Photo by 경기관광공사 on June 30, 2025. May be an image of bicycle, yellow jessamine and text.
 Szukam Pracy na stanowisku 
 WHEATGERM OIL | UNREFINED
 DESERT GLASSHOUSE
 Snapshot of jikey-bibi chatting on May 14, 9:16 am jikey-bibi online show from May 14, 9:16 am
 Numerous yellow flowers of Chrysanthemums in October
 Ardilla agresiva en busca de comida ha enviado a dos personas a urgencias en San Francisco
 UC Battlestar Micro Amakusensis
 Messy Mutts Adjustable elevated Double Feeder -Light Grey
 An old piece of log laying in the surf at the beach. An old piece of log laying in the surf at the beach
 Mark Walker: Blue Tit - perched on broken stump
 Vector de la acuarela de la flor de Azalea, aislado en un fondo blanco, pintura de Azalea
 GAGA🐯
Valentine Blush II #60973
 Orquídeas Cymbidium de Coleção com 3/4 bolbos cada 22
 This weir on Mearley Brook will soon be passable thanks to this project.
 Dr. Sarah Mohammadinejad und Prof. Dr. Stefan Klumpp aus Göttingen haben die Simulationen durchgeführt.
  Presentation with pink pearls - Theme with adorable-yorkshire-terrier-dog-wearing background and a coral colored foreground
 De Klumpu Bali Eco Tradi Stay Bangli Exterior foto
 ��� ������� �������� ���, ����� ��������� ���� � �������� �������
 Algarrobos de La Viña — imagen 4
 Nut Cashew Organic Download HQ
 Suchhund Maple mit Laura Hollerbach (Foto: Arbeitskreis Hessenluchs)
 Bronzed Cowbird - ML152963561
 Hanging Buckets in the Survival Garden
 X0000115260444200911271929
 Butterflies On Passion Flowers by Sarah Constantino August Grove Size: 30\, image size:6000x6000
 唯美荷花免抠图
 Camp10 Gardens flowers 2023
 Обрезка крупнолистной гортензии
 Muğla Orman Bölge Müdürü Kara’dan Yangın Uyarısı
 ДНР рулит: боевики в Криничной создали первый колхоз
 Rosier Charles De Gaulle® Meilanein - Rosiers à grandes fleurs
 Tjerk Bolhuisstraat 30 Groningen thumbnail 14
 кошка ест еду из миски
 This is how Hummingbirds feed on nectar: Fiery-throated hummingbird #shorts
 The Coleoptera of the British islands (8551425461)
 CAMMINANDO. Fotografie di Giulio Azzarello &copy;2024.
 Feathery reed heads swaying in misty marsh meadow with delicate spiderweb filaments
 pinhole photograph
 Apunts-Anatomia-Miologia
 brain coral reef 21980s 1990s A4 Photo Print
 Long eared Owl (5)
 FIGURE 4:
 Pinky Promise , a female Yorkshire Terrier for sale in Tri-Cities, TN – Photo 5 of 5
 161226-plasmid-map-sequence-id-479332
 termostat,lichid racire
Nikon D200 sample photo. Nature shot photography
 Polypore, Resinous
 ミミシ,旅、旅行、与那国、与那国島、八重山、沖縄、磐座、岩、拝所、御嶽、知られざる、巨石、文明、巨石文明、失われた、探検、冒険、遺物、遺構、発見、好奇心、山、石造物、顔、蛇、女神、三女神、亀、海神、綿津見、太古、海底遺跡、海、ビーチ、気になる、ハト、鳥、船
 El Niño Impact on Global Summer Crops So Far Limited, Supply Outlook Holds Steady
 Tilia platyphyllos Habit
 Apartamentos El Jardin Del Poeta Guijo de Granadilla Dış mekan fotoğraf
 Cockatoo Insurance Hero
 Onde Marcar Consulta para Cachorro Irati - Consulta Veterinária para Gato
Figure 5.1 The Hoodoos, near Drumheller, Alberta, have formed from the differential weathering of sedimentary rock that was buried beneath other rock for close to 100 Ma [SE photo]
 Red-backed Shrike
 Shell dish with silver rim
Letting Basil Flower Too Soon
# # # # #
__Assignment__
Return word for word the lines above from the line with "Hanging Buckets in the Survival Garden" to the line with "Обрезка крупнолистной гортензии", including both and leaving out all others.

__Output__
 Hanging Buckets in the Survival Garden
 X0000115260444200911271929
 Butterflies On Passion Flowers by Sarah Constantino August Grove Size: 30\, image size:6000x6000
 唯美荷花免抠图
 Camp10 Gardens flowers 2023
 Обрезка крупнолистной гортензии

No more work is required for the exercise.